The second conclusion is that long-term change will likely take many centuries to completely unfold. So long-term climate sensitivity measures like ECS or ESS are not good indicators for how fast Earth temperatures will increase within a given decade. Some decades may see relatively slow increases, some little or no increase, and some remarkably rapid increases. However, the overall trend will be for warming, and probably a more rapid pace of warming than that seen in the geological record due to the fact that the human CO2 forcing is currently so powerful.
Furthermore, the .2 degrees Celsius warming during the 1990s and the .1 degrees Celsius atmospheric warming during the 2000s are not entirely indicative of what the long-term trend will look like. In all likelihood, natural variability favored warming more during the 1990s and less so during the 2000s. This is hinted at in the El Nino/La Nina cycle with many powerful El Ninos (which tend to warm the atmosphere) evident during the 1990s while La Ninas (which tend to cool the atmosphere) were more prevalent during the late 2000s.
The third conclusion is that major Earth system feedbacks are beginning to kick in that are likely to make observations of the climates of past decades less relevant. Loss of albedo, ice sheet melt, ocean heat uptake, and environmental carbon release all have a roll to play in future atmospheric warming. Together with a continued and growing human CO2 forcing, these and other factors will determine the pace of warming over the next century. Under business as usual, worldwide CO2 levels hit somewhere between 800 and 1000 parts per million by the end of this century. Such a strong forcing is likely to have very powerful and damaging effects on Earth’s climate system. Even the models that do not take into account slow feedbacks are showing warming of 5-7 degrees Celsius by the end of this century if business as usual emissions continue. And for such a high degree of warming to take place even without the additional contribution from a number of slow feedbacks would be a terrible result.
Fourth, it should be noted that ‘slow feedbacks’ are already beginning to emerge at a more rapid pace than previously estimated. One example, loss of sea ice, is already reducing the northern polar region’s albedo. Another instance, methane hydrate and tundra methane release, are also already adding a positive amplifying feedback to human-caused warming.
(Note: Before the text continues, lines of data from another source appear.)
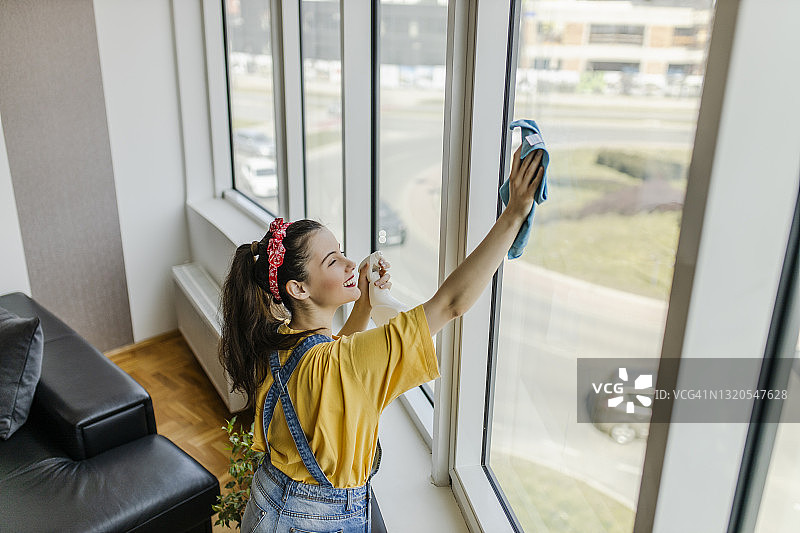 年轻漂亮的微笑女人用喷雾瓶和抹布清洁窗户图片素材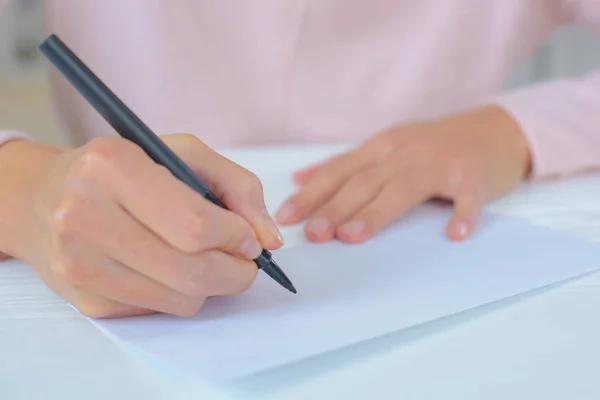 Junge Frau schreibt auf ein Blatt Papier — Stockfoto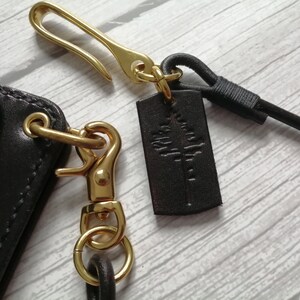 May include: A dark brown leather accessory featuring a gold-toned metal hook and a swivel lobster clasp. A small rectangular dark brown leather tag is attached to the hook, embossed with a stylized tree graphic. A black cord is also connected.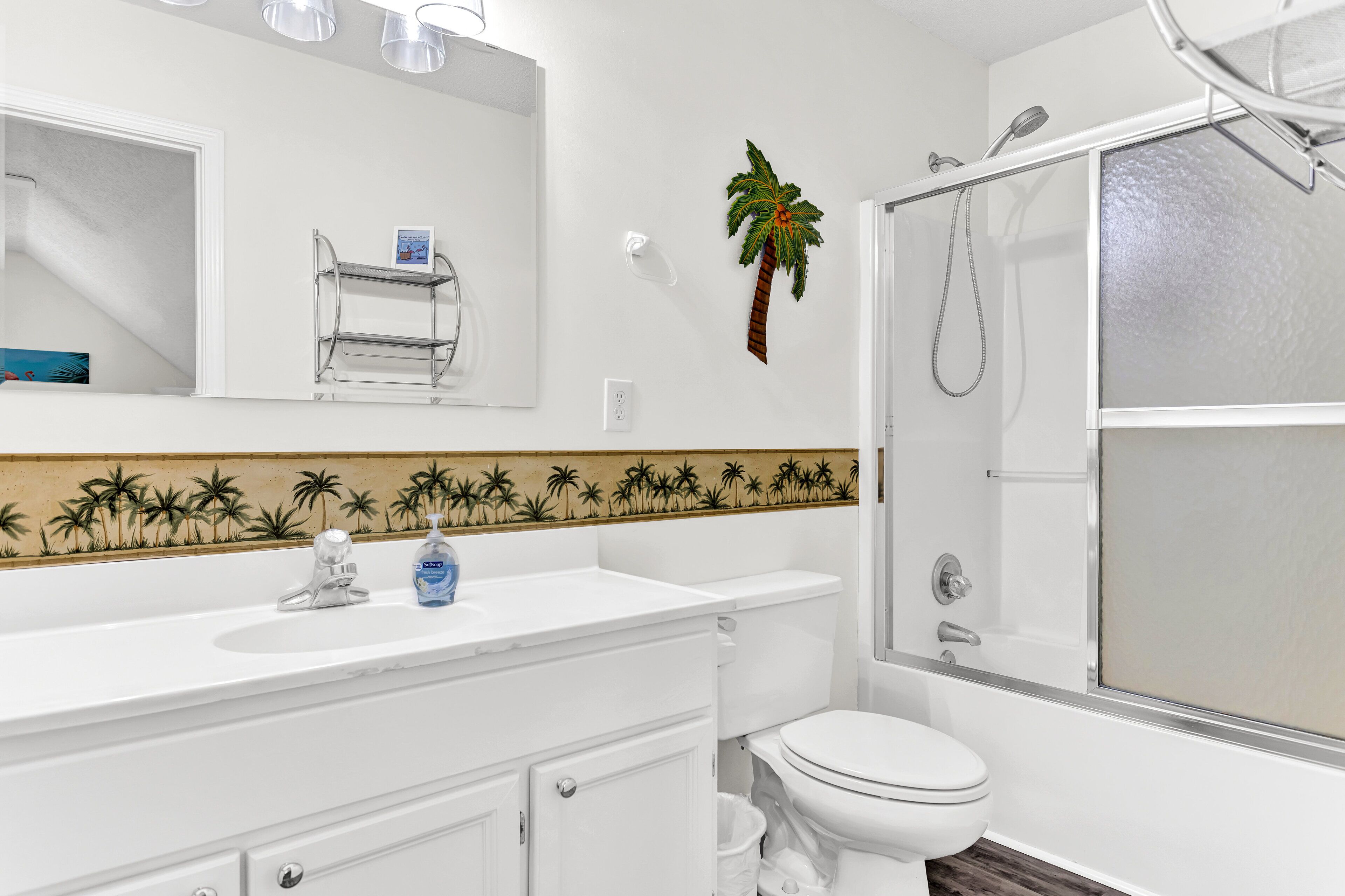 Een badkamer met een wit wastafel, toilet en douche. Boven het wastafel hangt een handdoekhouder en op de muur staat een decoratieve palmboom.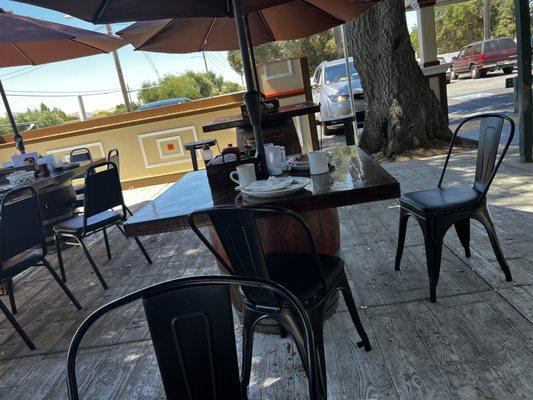 Another table not bused that was next to another table that needed to be bused. Both remained dirty for over 20 minutes.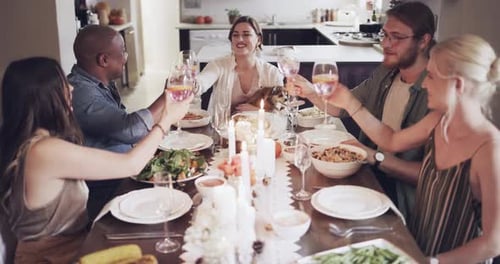 Friends Celebrating Together with Toasts at Home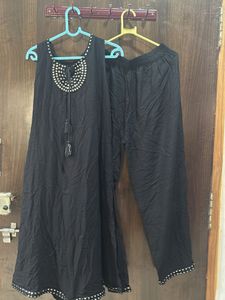 Elegant Black Kurta Set with Embellishments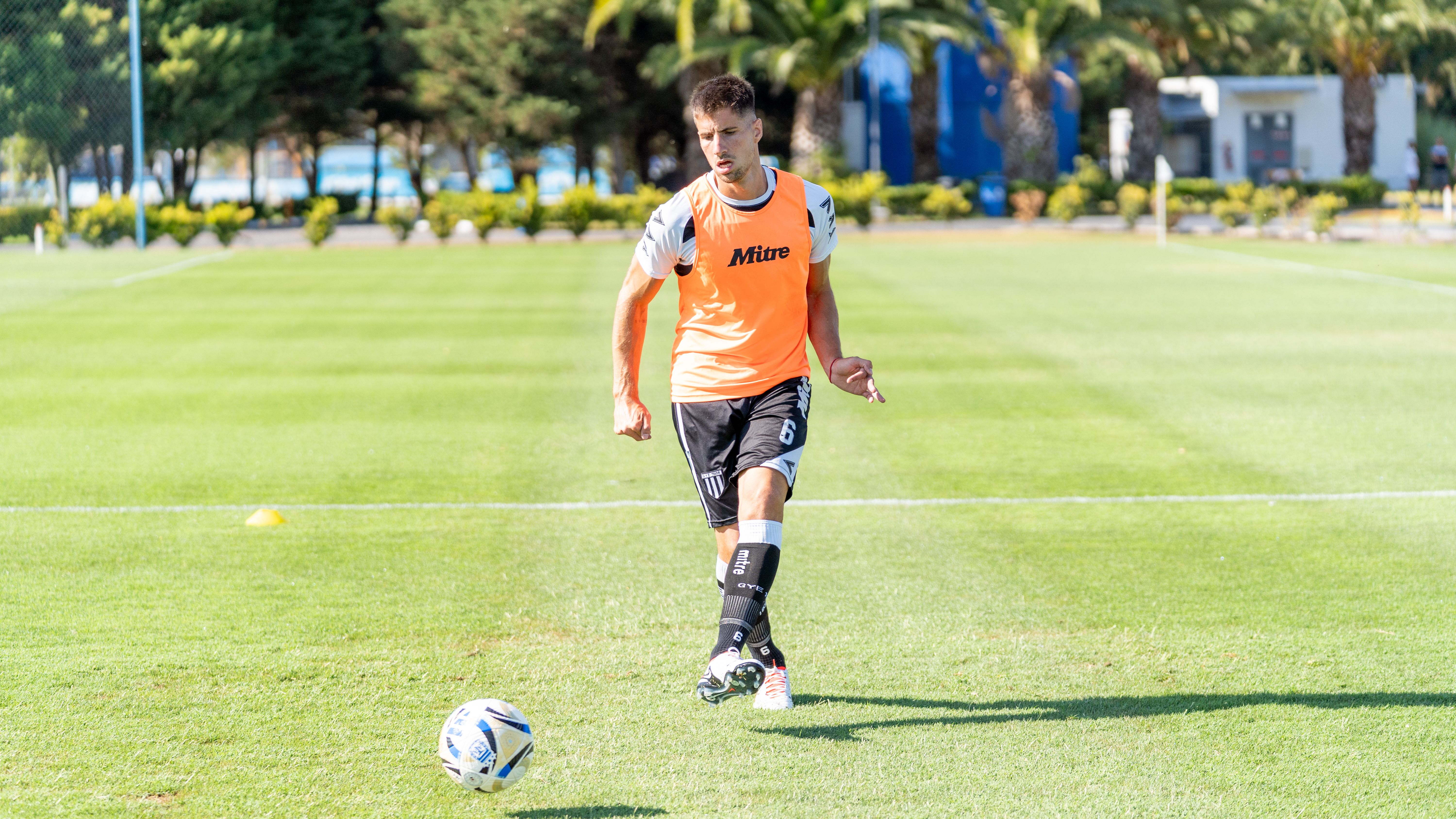 A young male soccer player in training, dribbling on a grassy outdoor field.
Finally, it is worth noting that a more rapid than expected melt of polar ice would temporarily keep temperatures lower at the cost of a more rapid pace of sea level rise combined with much more extreme weather. Such higher than expected paces of melt are entirely possible and, in certain regions, appear to be happening now. In one example northern polar sea ice has experienced an 80% loss of volume since 1980. The result is that northern hemisphere sea ice melt is occurring 80 years ahead of model projections.